No Country for Short Sellers
The capitulation of short sellers makes the market a riskier place to invest
We used to buy businesses. Not stocks, not beta, not “The S&P”. We used to buy businesses that we believed in. Companies that made a profit and used those profits to pay dividends to shareholders. Businesses that made products or sold services that you could touch and feel.
They didn’t whine about interest rates. They didn’t shake a tin cup at the government under code words like “quantitative easing” and “stimulus”. They worried about margins and customers. And returning dividends to shareholders. They were real businesses.
They weren’t hoping for a Greater Fool to save them on the next round. They didn’t play games with their Treasury. It wasn’t about liquidity for their options and how those options could gamma squeeze equity prices in capital market games. The game was on the business level.
It was business. Buy for a nickel, sell for a dime. The idea was to invest in businesses that do business well.
You’ve probably seen this meme by now, it’s been going around for years. Benjamin Graham and the whole idea of value investing summed up in a single meme.
This is the zeitgeist. This is where we are in the cycle. And we all have to decide whether to fight it or accept it.
Jim Chanos accepted it. Nate Anderson accepted it. Ben Hunt accepted it*.
*I’m including Ben Hunt here because he was the first one to explain it to me in a way that made sense. How markets were being transformed into political utilities. That conversation is now seven years old and more prescient than ever. It still haunts me: “being smart does not matter”.
Here’s the thing about short sellers: they do more due diligence than anyone else. More than investors, more than the rating agencies, and more than the regulators.
The regulators didn’t uncover Enron, Worldcom, Luckin, Nikola or Valeant. Short sellers did.
Don’t believe me? See for yourself. Short sellers sitting on rooftops with binoculars, risking their lives to tell you what a stock is worth.
Index investors aren’t risking anything. They can’t even be bothered to know what they own.
Without short sellers the market has become riskier. Lawless.
The market is now driven by flows and vibes.
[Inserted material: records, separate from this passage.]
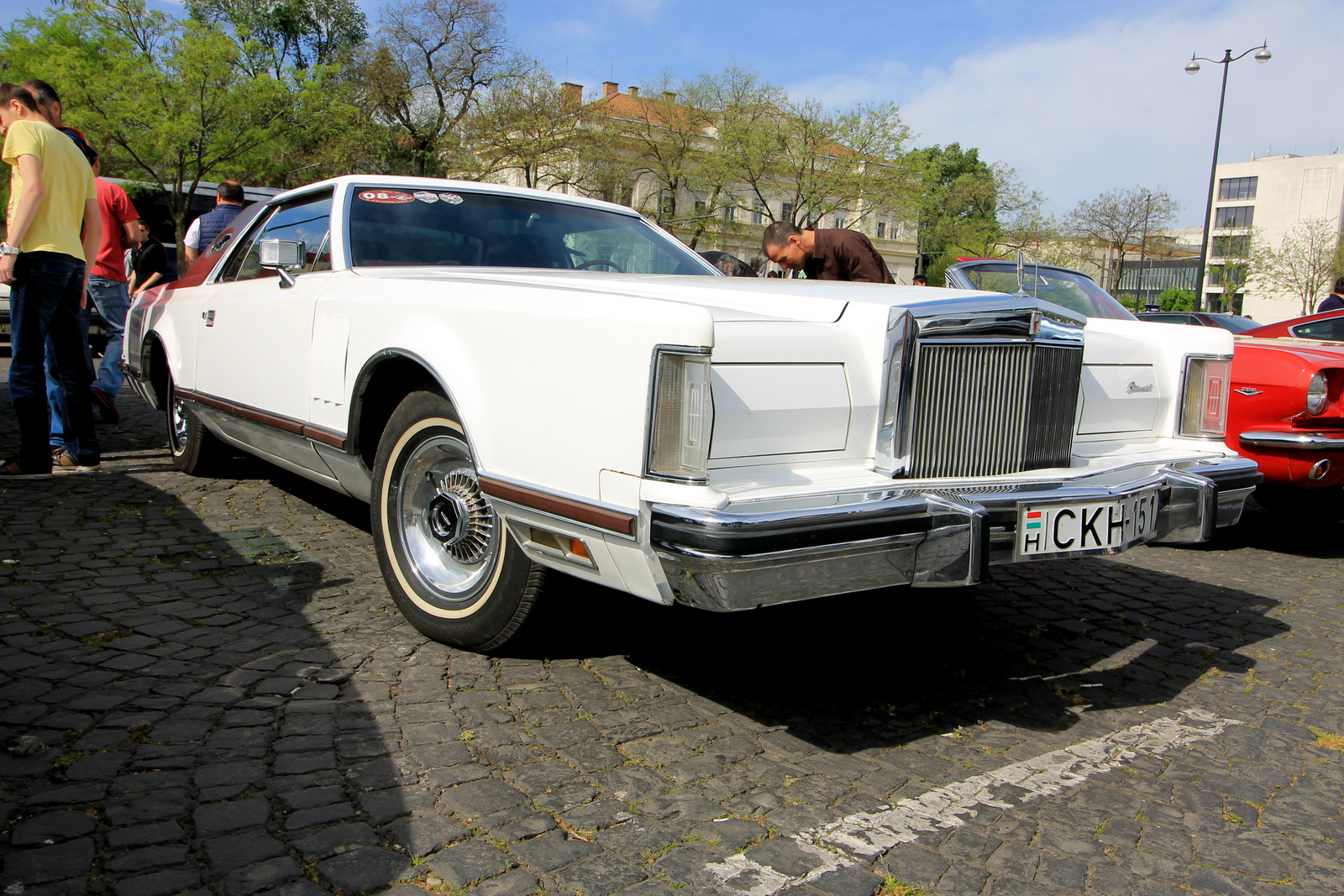 Lincoln Continental Mk. V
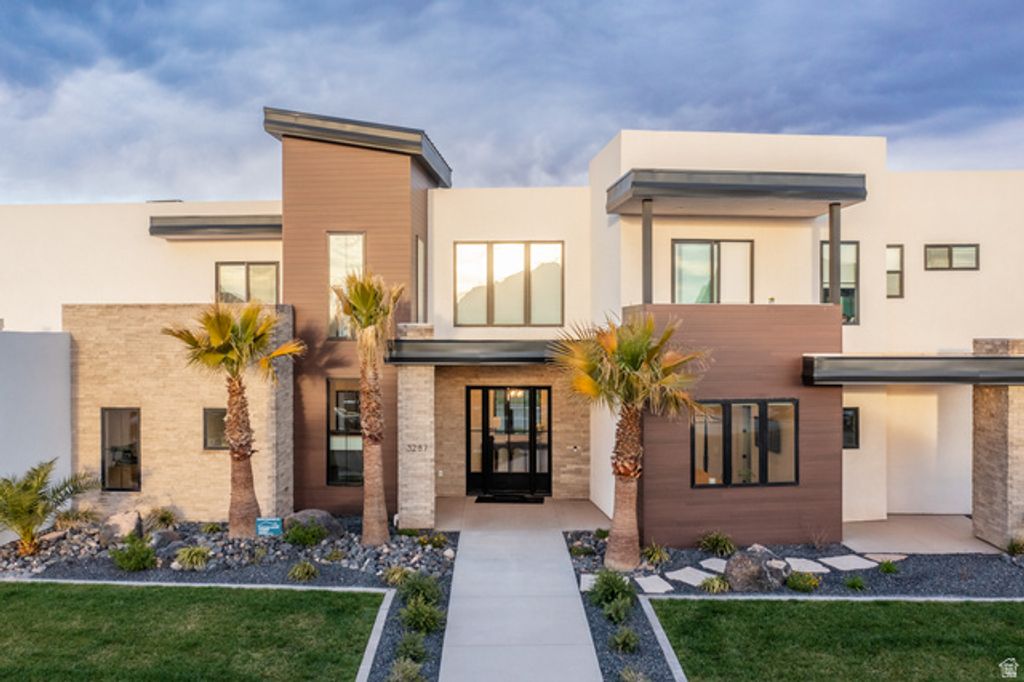 3287 S STAMSUND LN, Washington, UT 84780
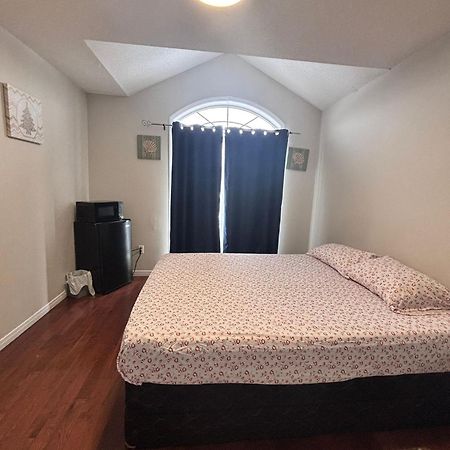 Bright Queen Room Close To Sheridan College And Airport Brampton Eksteriør billede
Nvidia has hilariously DOUBLED since I wrote about it being over-valued.
Nvidia's market cap is higher than the entire US energy sector - with another $200 billion left over - despite Nvidia generating only 13% of the energy sector’s net income. Nvidia is worth more than the Canadian GDP. Nvidia is worth more than the entire Chinese stock market. Like I said, value’s got nothing to do with it. -Me, just before things got worse.
We used to debate the efficient market hypothesis. Now we debate whether to take out a home equity loan to YOLO into Tesla. And people are serious. There are actual posts—real ones—from investors lamenting that owning a home kept them from going all-in on Elon.
The average investor now spends six minutes researching a stock. The market is a dopamine delivery systems of a society that stopped asking “what’s it worth?” and started screaming “NUMBER GO UP!”
And why not? In the riskless world of post-GFC investing, speculation works. Prudence is synonymous with under-performance.
So now there are no skeptics left. No crusty old voices shouting that this doesn’t make sense. No short sellers. They have capitulated.
We broke the last functioning circuit in the feedback loop.
What is left of this market and price discovery isn’t determined by portfolio managers but by momentum, gamma and flows.
And like Sheriff Ed Tom Bell in No Country for Old Men, old short sellers are watching the madness around them, lost in a daze, unable to reconcile the world they knew with the world they now find themselves living in.
What good were the valuation models if the valuation models brought you here?
There is no market left for short sellers. No market left for value investors. No market for the cautious or the skeptical or the diligent or the prudent. And no country for old men.